I have been reading stuff about Myers University every day! Whoever heard of canceling a graduation? The place should probably be shut down just for that! I’m glad they had it or that administration would have probably had their tires slashed and Lord knows what else.
I also saw the cartoon in the Sunday paper. That was a bit much to me, even though I think the school is shit from what I’ve heard about the curriculum and the interns that go out to the community. A friend of mine hired a Myers intern and the girl couldn’t even write. Her reading skills left some to be desired for a college student and she couldn’t even use correct English. It made me wonder what are they recruiting and what are they graduating?
Hi:
I wanna know WHEN Myers University got this way. Was it when this Paul Feinstein got hired? Back in the day it was a prestigious college. I’ve heard people say that it should have stayed Dyke College or Myers College. I disagree. I think they just should have been careful with who they hire, especially at the President’s level. They should have focused on education and building the majors at the undergraduate level and the graduate level instead of buying building after building. What was wrong with staying where they were on Carnegie or Prospect or where ever they were?
I am appaled by the below comment from one of the Scene Magazines on the state of Myers University. Just read it everyone who has not seen it.

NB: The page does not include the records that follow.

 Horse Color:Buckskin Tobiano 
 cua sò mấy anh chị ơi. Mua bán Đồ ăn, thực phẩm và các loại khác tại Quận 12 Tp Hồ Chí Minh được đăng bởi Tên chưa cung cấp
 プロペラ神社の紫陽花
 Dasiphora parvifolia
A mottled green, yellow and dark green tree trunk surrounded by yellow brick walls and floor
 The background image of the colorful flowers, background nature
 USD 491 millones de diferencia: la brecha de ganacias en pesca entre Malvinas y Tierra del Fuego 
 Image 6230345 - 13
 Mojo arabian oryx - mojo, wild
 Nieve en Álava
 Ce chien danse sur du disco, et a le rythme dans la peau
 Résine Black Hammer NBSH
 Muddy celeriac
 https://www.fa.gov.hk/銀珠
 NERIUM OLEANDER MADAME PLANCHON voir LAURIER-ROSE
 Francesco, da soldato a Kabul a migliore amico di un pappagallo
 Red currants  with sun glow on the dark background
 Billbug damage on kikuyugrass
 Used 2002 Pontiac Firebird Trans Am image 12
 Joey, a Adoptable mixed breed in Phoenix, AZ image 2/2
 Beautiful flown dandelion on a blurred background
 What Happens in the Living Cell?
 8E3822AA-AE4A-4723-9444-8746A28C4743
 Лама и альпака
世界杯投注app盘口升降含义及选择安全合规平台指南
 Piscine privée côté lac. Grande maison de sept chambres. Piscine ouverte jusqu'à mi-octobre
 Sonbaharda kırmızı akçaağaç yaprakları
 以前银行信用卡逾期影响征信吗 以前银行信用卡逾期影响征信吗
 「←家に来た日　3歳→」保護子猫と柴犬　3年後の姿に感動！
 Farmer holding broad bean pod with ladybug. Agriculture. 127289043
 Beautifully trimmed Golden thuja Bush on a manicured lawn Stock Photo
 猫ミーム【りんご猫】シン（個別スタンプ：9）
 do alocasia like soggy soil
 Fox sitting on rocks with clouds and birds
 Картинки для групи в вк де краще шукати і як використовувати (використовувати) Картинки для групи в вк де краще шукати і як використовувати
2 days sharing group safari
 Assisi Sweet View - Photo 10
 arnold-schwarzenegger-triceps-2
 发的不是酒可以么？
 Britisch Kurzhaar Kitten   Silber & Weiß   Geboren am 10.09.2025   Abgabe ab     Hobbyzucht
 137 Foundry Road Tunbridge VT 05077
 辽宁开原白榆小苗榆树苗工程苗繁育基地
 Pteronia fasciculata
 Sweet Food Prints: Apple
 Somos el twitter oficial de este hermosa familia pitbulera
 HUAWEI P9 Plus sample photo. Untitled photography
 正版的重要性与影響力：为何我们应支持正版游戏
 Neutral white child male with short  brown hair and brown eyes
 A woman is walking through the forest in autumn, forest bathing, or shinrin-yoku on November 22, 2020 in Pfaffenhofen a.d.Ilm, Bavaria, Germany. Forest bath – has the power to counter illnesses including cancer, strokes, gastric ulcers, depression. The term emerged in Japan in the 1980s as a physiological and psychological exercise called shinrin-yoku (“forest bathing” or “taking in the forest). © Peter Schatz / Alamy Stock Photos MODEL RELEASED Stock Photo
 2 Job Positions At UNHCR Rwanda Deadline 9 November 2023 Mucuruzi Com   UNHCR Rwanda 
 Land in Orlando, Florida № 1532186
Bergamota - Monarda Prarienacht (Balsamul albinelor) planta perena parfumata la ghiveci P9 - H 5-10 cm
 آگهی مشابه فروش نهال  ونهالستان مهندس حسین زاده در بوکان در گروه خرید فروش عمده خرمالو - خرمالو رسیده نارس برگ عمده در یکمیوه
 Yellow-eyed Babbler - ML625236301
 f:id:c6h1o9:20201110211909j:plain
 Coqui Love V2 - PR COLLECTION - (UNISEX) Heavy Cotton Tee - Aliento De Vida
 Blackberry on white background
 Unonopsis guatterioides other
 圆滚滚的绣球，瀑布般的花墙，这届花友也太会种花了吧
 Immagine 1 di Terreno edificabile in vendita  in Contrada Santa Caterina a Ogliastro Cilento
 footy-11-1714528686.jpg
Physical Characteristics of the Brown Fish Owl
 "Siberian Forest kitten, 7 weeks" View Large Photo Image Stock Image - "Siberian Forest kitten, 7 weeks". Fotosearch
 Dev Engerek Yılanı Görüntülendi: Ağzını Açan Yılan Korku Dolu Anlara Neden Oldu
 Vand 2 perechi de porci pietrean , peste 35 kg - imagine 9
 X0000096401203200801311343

“Scaldini must have since found some crumpled invoices in an old pair of slacks. At a meeting with students last week, the president announced that the school would cancel its sports program, leaving athletes to scramble for transfers. Scaldini also said that Myers is on the verge of either closing or being bought by another school.
After Scaldini’s optimistic response to Scene’s February article, his announcement caught students off guard. Fearing their credits may soon be as valuable as Duane Kuiper’s rookie card, they peppered Scaldini with angry questions. The president reacted just as loudly.
“I couldn’t believe it,” says Mike Forchione, a 21-year-old soccer player. “He was going crazy.”
Myers, which counts John D. Rockefeller among its alum, survived for years by offering business-related classes to first-generation and mid-career students.”
Now if you have alum like the Rockefellers and I hear Harvey Firestone why would you be having all of these problems? How could they be canceling athletic programs and looking at the possibility of canceling a commencement? Are the Rockefellers and the Harvey Firestones REALLY alum or is this false advertising? Why would they not want to be bothered with their alma mater if they were really graduates from there? I don’t think you can blame all of Myers shape on the former President Feingold. Yes, he did a lot of damage some maybe beyond repair, but there’s much more to this than we are being made aware of. I think there are a lot of lies being told to us (the taxpayers) and a lot of sins of omissions. I have a real problem with this anonymous $2,000,000 donation from someone out of the state and then we find out about this for profit university in Virginia. You mean to tell me that they aren’t going to get something from this? As a person who has lived in Orange Village, Moreland Hills, Hunting Valley and Gates Mills all her life I am very familiar withh these kinds of deals and how underhanded they can be. I’ve seen all kinds of things go on in the backroom. Well, let’s just watch the papers, the televised news and see how it all shakes out.